The weaknesses my group identified from the consumables were the confusion of which tubes contained with reagents along with the fact that the primer had to be refrigerated unlike the rest of the materials, however my group couldn't seem to fix or improve that weakness so we left it the same unfortunately.

Feature 2: Hardware - PCR Machine & Fluorimeter

My group decided to alter the PCR machine so it seemed more convenient for the customer. First we decided that the machine was bulky and quite heavy so we reduced the size of the machine to the best of our ability and choose to use more of a lighter material for the outside panels of the PCR machine, we agreed on aluminum as our desired material. Next, we included more slots in the machine so more tubes can be placed in the PCR machine while making the results reliable and accurate. We left the program the same because we saw that the program was a strength because it was able to be connected to a computer and could be altered on there. As for the fluorimeter we designed the machine to have specific trays for each phone and make sure the trays are positioned at the right angle and distance for accurate measures every trial.

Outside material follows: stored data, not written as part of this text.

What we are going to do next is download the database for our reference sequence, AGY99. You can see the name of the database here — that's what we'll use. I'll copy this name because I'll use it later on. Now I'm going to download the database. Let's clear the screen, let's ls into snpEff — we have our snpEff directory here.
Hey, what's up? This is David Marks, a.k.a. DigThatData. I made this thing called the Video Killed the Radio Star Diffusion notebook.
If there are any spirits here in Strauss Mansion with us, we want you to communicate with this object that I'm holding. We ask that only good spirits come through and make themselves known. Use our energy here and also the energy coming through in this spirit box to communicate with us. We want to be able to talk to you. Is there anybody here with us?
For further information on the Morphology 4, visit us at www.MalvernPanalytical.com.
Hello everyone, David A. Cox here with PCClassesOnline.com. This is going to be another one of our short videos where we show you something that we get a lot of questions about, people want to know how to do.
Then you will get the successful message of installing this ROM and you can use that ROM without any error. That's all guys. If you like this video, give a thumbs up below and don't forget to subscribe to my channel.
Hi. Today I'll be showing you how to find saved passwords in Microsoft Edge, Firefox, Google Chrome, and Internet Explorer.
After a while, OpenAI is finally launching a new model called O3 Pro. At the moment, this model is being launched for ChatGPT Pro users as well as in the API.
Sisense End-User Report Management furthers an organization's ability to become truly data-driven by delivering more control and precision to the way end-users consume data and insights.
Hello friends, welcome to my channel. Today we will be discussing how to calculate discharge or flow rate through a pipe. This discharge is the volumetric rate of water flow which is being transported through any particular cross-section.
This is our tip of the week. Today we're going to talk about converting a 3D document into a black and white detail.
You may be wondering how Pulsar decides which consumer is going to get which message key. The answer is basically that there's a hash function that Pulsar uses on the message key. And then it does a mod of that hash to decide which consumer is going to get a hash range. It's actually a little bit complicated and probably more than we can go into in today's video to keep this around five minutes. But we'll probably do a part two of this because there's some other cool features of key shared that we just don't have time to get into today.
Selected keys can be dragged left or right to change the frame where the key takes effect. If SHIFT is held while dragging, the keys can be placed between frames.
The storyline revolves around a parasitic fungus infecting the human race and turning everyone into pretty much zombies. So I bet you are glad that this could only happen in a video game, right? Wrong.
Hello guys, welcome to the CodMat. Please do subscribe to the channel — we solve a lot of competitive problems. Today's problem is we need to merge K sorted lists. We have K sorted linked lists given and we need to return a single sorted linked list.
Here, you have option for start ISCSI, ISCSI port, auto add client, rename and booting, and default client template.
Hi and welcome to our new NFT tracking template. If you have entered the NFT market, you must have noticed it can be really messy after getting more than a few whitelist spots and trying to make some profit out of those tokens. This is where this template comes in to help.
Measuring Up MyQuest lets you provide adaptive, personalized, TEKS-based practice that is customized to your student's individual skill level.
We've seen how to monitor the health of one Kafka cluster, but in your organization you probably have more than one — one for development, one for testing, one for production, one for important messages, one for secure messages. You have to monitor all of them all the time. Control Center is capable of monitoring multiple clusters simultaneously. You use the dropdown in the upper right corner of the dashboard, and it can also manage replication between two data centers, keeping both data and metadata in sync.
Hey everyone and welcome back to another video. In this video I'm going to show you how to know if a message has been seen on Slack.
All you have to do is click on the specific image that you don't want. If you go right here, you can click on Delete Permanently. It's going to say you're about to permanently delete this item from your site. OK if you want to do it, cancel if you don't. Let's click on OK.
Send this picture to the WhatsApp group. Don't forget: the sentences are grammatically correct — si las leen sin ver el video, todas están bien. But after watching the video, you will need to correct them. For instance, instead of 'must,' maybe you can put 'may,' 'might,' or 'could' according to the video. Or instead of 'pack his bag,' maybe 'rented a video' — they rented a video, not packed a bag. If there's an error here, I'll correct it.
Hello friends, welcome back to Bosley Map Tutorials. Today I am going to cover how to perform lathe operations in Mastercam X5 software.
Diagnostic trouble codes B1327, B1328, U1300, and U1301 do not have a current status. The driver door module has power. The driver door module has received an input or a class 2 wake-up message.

The weakness we identified for the PCR machine was how the bulkiness of it, it was huge and heavy and not convenient for the owner. The PCR machine also limited the number of tubes allowed to be placed inside at a time. Instead of improving one aspect of the PCR machine we were determined to improve the quality and quantity of the machine, to do that we just included more slots allowing the quantity of the tubes to be placed in the machine to increase and improve the quality of the machine by using lighter materials and reducing the size of it. For the fluorimeter the weakness we identified was the process of positioning the tray and programing the phone being used, both of these factors played a key role in getting an accurate picture so we were determined to improve those factors of the fluorimeter machine.